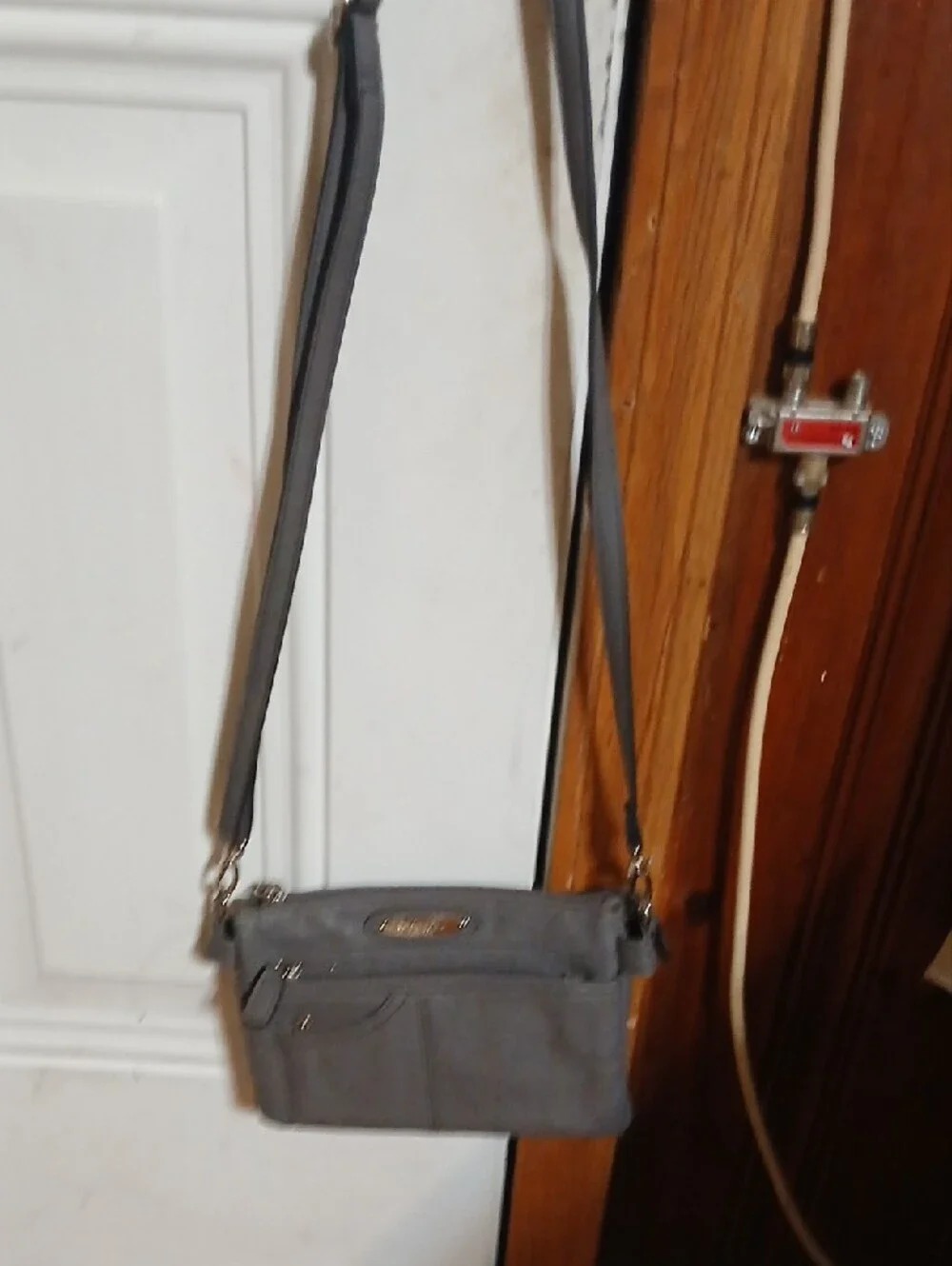 Rosetti Light Gray Crossbody Bag with Front Pockets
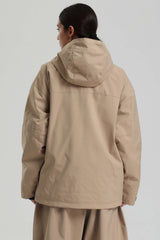 Women's Khaki Side-Zip Vent Fully Sealed Insulated Snow Anorak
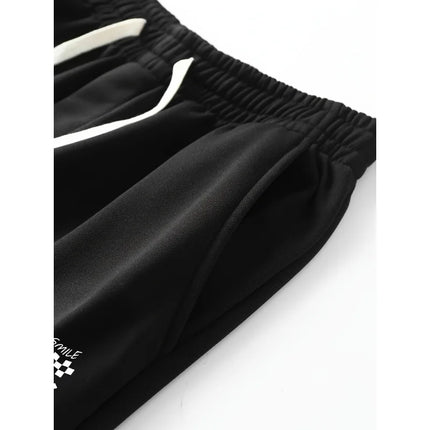 Autumn New Men'S Creative Smiley Face Personalized Letter Pattern Printed Casual Jogger Sweatpants With Drawstring Waist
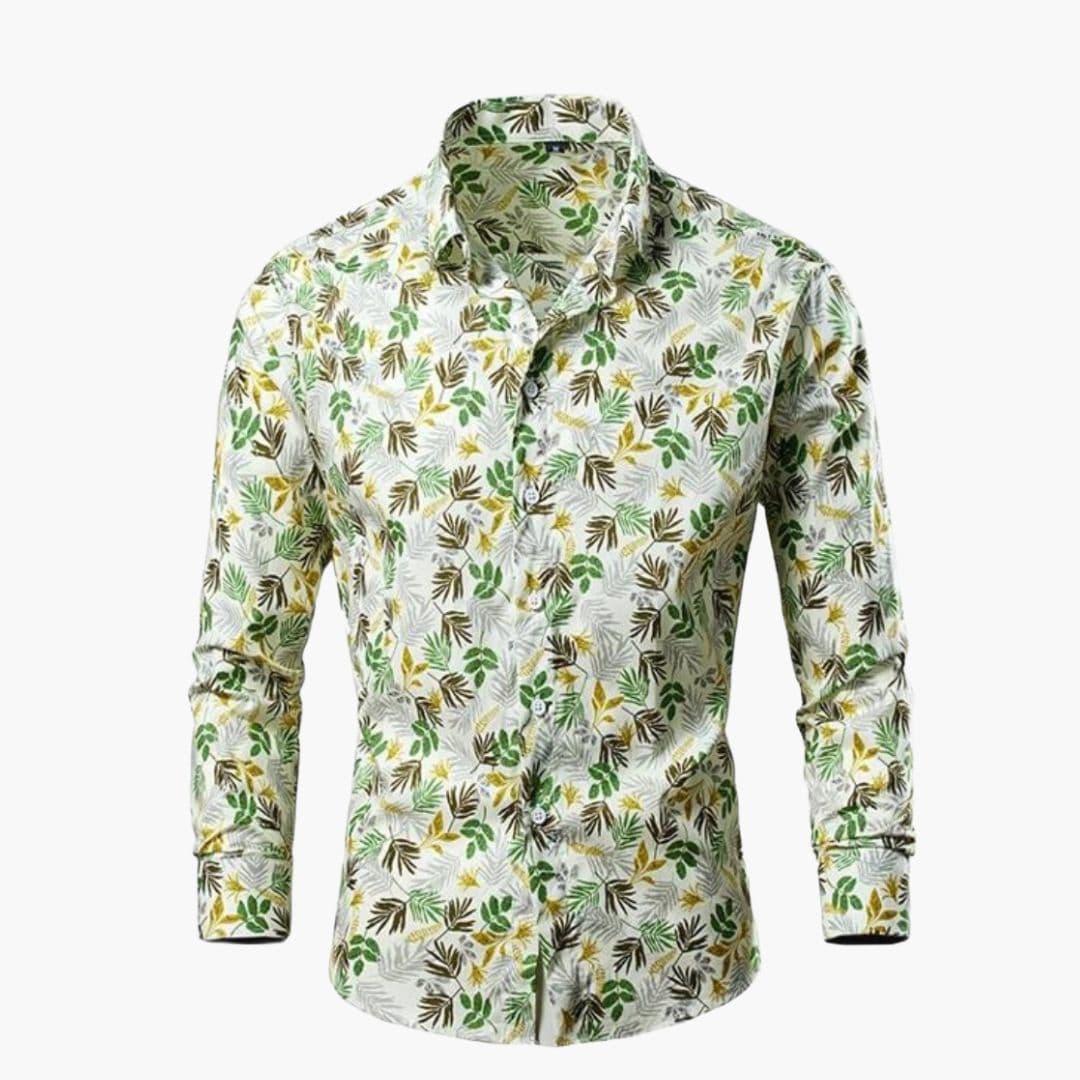 Men's Cotton Shirt – Tropical Print Long Sleeves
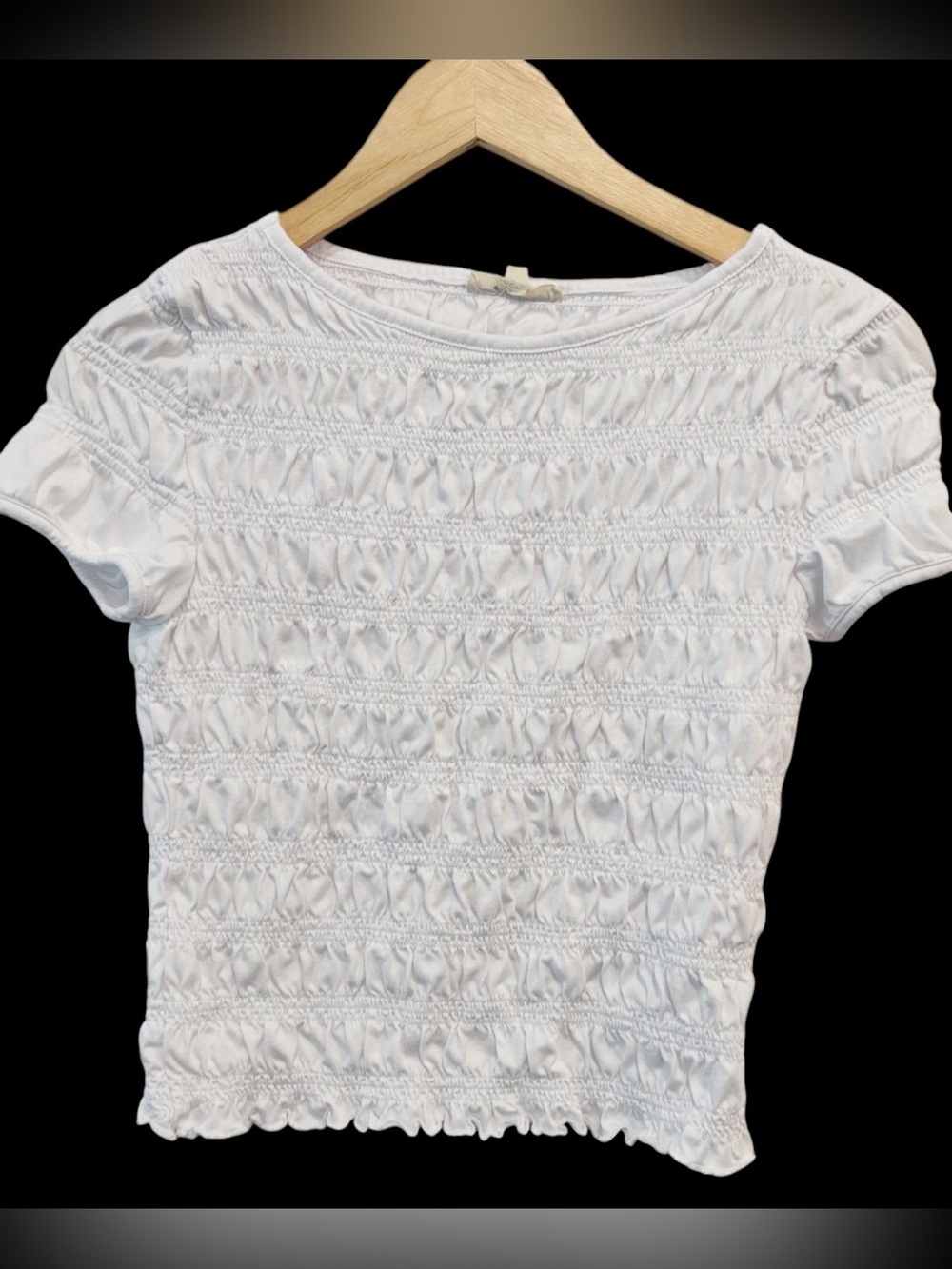 Madewell White Smocked Short Sleeve Tee Women Size Medium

══════════════════════════════

The problem: Where a picture appears, skip it; repeat everything else in the data exactly.

Output for this exercise:
 Rosetti Light Gray Crossbody Bag with Front Pockets
 Women's Khaki Side-Zip Vent Fully Sealed Insulated Snow Anorak
 Autumn New Men'S Creative Smiley Face Personalized Letter Pattern Printed Casual Jogger Sweatpants With Drawstring Waist
 Men's Cotton Shirt – Tropical Print Long Sleeves
 Madewell White Smocked Short Sleeve Tee Women Size Medium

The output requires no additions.